Aber warum, wird man sagen, warum so viel über die Bestimmung des kleinsten der Gedichte? Ist an der Theorie des Epigramms oder gar an der ganzen Dichtungsart so viel gelegen? „Wer ist so stumpf, daß er nicht ein Epigramm machen [156] könnte und wer so thöricht, daß er mehr als Eins machen wollte?“ wie halb albern jener witzige Spanier sagte.

Zuerst ists eine ausgemachte Sache, daß die Bestimmung eines Begrifs, wer dieser auch seyn möge, für sich selbst, als Erkenntniß, einen Werth habe und ihren Nutzen mit sich führe. Im Reich der Wahrheit kommt es nicht auf Größe und Kleinheit des Objekts, sondern auf die Art an, wie es uns bekannt gemacht wird und der Zergliederer einer Weidenraupe kann mehr Verdienst haben, als der unbestimmte Lobredner des Elephanten. Alle Begriffe hangen in der Kette der Wahrheiten an einander und die kleinste kann oft der größesten nicht nur dienen, sondern selbst unentbehrlich werden. Da es nun bekannt ist, daß die Theoristen des Epigramms bisher meistens nur von Martial ausgingen und auf die Anthologie höchstens einen Seitenblick warfen; mich dünkt, so lohnte es einmal der kleinen Mühe, die Aussicht bis dahin zu erweitern. Die Griechen sind Meister [157] und Lehrer in allem Schönen gewesen; und nur in dieser kleinen Dichtungsart sollte sie das Unglück so verfolgt haben, daß ihre zahlreichen Arbeiten darinn gar keine Aufmerksamkeit verdienten? Nur von ihnen bekamen ja die Römer diese wie alle Gattungen der Dichtkunst und wenn auch wir das Epigramm aus den Händen neuerer Nationen haben: so sind diese ja sämmtlich und sonders es den Griechen und Römern schuldig. Wollen wir also je eine philosophische Poetik oder eine wahre Geschichte der Dichtkunst erhalten: so müssen wir über einzelne Gedichtarten vorzuarbeiten suchen und jede derselben bis auf ihren Ursprung verfolgen.
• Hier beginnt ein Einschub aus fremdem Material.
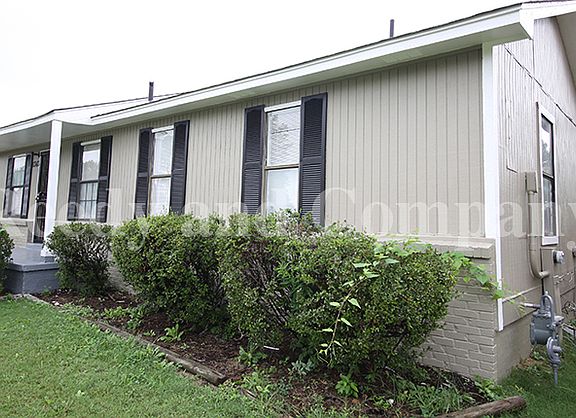 2nd image of 3343 Kristy Dr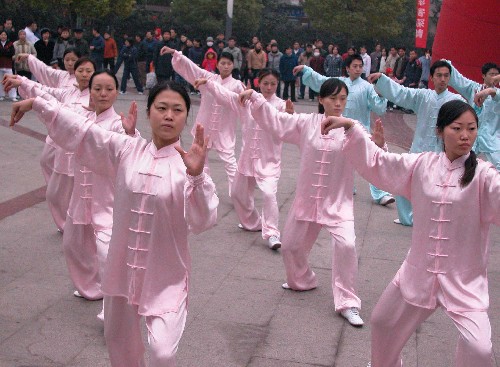 這是2004年12月18日,江蘇省省直機(jī)關(guān)職員在進(jìn)行十六式太極拳比賽。由于氣候偏暖,呼吸道等疾病發(fā)作的可能性增大,市民們紛紛參加各種體育鍛煉,增強(qiáng)體質(zhì)。 新華社發(fā)
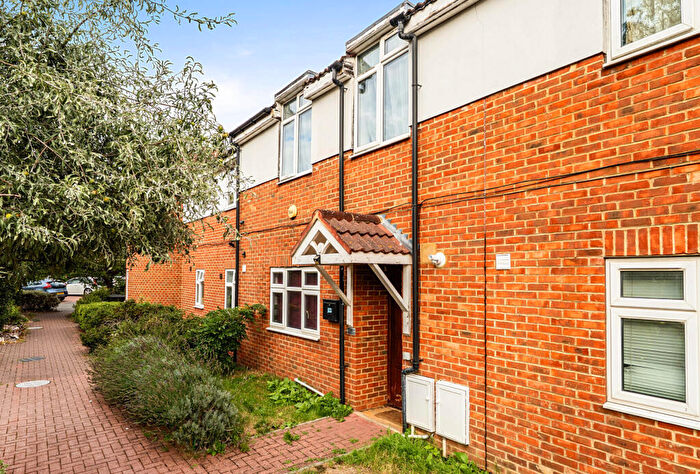 3 Bedroom Terraced House For Sale In Commonside East, Mitcham, CR4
Ueberdem kann ichs mir nicht einbilden, daß das Epigramm der griechischen Art eine so geringschätzige Sache sey, als wozu es einige seiner Verächter gemacht haben. Ich will den Unrath nicht Gold nennen, der zumal in des Kephalas Anthologie zusammengehäuft ist und werde darüber noch einige Worte sagen; das ächte und schöne Gold aber, das aus den ältern Zeiten mitten [158] in diesem Unrath hervorblickt, ist gleichfalls unverkennbar. Die edelsten Dichter und Weise, Simonides und Plato, Aristoteles, Theokrit u. a. stehen als Epigrammatisten da und nach Wiederauflebung der Wissenschaften ist beinah keiner Dichtungsart fleißiger und schöner nachgeifert worden, als der Anthologie der Griechen. Die größesten Namen, die dem menschlichen Geist ewig zum Ruhm gereichen werden und eine Reihe andrer Männer, denen es gewiß an Geschmack nicht fehlte, waren Uebersetzer oder Nachahmer der Anthologie, a)[1] so daß ein fleißiger Deutscher, b)[2] der eine Sammlung dieser Uebersetzungen anfing, schon in der Mitte des vorigen Jahrhunderts aus 331 Uebersetzern sammlen konnte. Ich schäme mich also gar nicht, einer Reihe von Männern nachzutreten, unter denen ein Erasmus und Grotius, Thomas [159] Morus und Melanchthon, Sleidan und Scaliger, Buchanen. Dousa und so viel andre hervorglänzen, und wage es geradezu, das griechische Epigramm auch als ein schönes Vorbild jugendlicher Uebungen zu empfehlen.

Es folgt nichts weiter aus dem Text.